AM: I don't know which Dyke March Collective member said that. If they did, they were wrong because it just isn't part of our policy. It never has been. If that occurred, it was an error. It was a very emotional issue. To my knowledge it was the agitation, not the flag that was creating the issue.

WCT: So, you are saying that, if the women had minded their own business, enjoyed the rally and not engaged others, that would have been fine?

AM: Right. We're not there to resolve the political issues of the world. Laurel could have approached Dyke March at any point prior to the march and requested to make a statement but she used the occasion as a representative of A Wider Bridge to inject herself into a space and then ferment dissention.

WCT: You think that was her intention?

AM: Without a doubt because the media and social media outrage was almost instantaneous and we got hit from every possible site and angle. I have never seen any member of the Collective make anti-Semitic statements. We're anti-Zionism and people are conflating that into being anti-Semitic. They're saying that we acted against Jewish queer women and it's just a complete falsehood. Anyone who interprets our political positions as anti-Semitic is profoundly wrong. They're misinformed. There's nothing in our history that indicates that.

WCT: Was this the first year that the anti-Zionist stance was so up front? If so, what prompted that decision?

AM: No. We've always stood for liberation movements of what we perceive as oppressed peoples. We never frame stuff in terms of religion. What we stand against is oppressive governments be they in Israel, El Salvador, Nicaragua; if people are struggling for their freedom, we try to show support in the context of the small organization that we are. The State of Israel is not endangered by anything we have to say at Dyke March and neither was Laurel. Nobody attacked her.

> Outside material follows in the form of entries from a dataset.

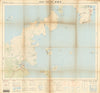 Silver Mine Bay 銀礦灣—Discovery Bay—HM20C sheet 10—Lantau—Hong Kong Govt 1980 map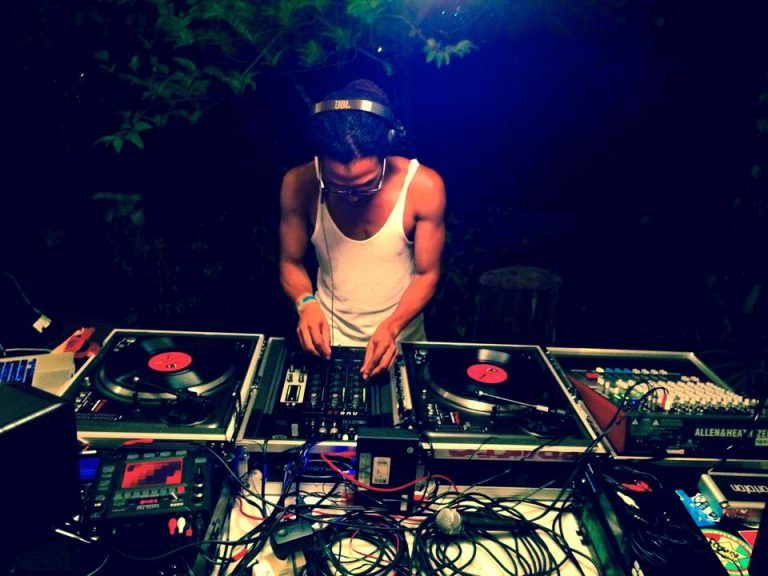 JAH CRISS aka Dubmaster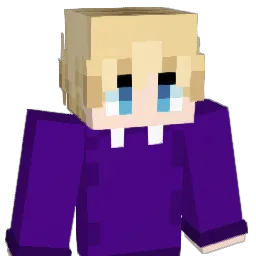 IzRainbow Minecraft avatar bust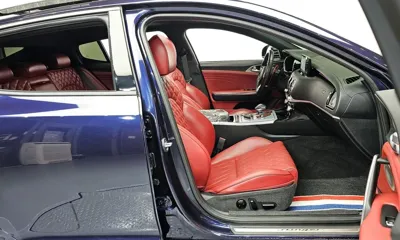 Kia Stinger 2021, 11810 км, за 40500000 KRW - фото 26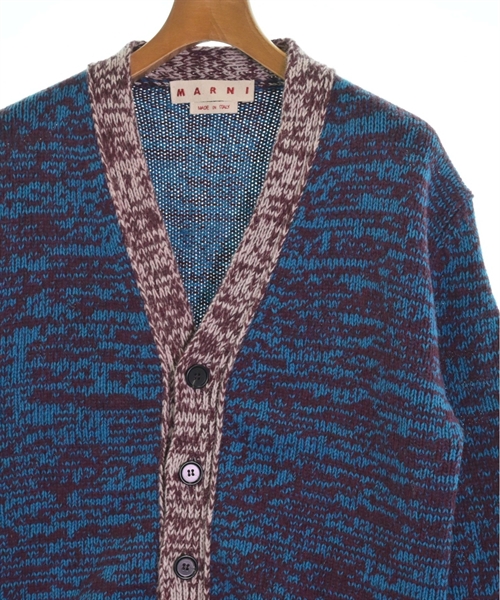 MARNI マルニ カーディガン メンズ 【古着】【中古】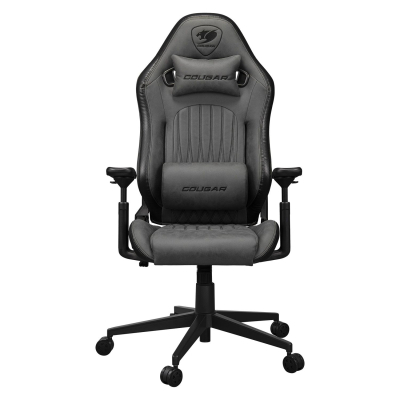 Геймерское кресло Cougar EXPLORE JET GRAY F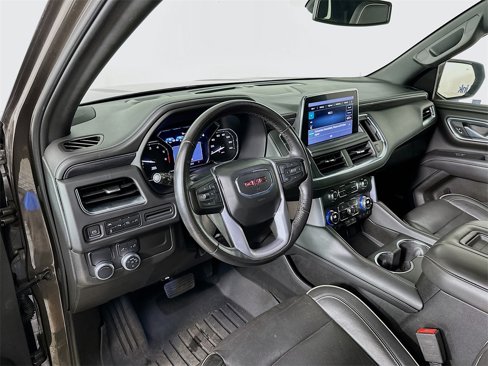 Used 2021 GMC Yukon SLT image 9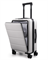 Чемодан NINETYGO Light Business Luggage 20" коричневый - фото 13753394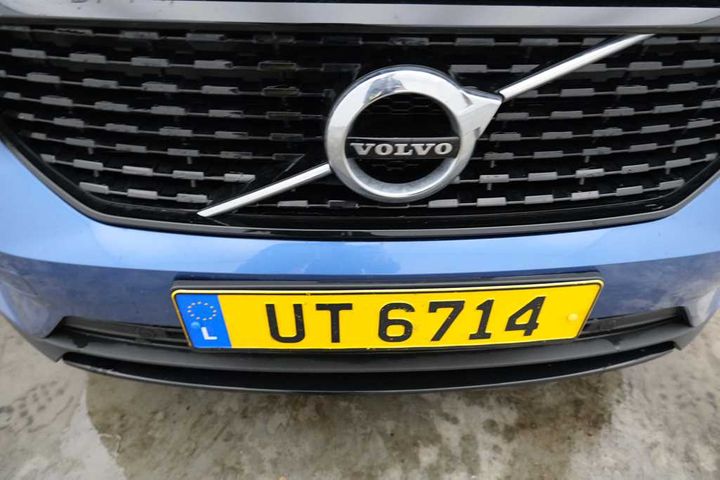 Photo 5 VIN: YV1XZ72VDL2234346 - VOLVO XC40 &#3917 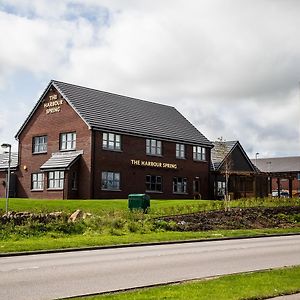 Harbour Spring, Peterhead By Marston'S Inns Exterior photo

When the Christian protestors who were at the rally refused to leave, we got volunteers to stand there holding a blue tarp for almost 90 minutes blocking those people until they gave up. We had to contain a couple of people from trying to jump on [the Christians] and that was real difficult because people were very angry. When we have volatile situations, we want harm reduction but we don't have any enforcement and we're definitely not going to ask the police to intervene because we are also anti-police.

But, we need to be in control of our space just like you wouldn't accept Nazis in your synagogue.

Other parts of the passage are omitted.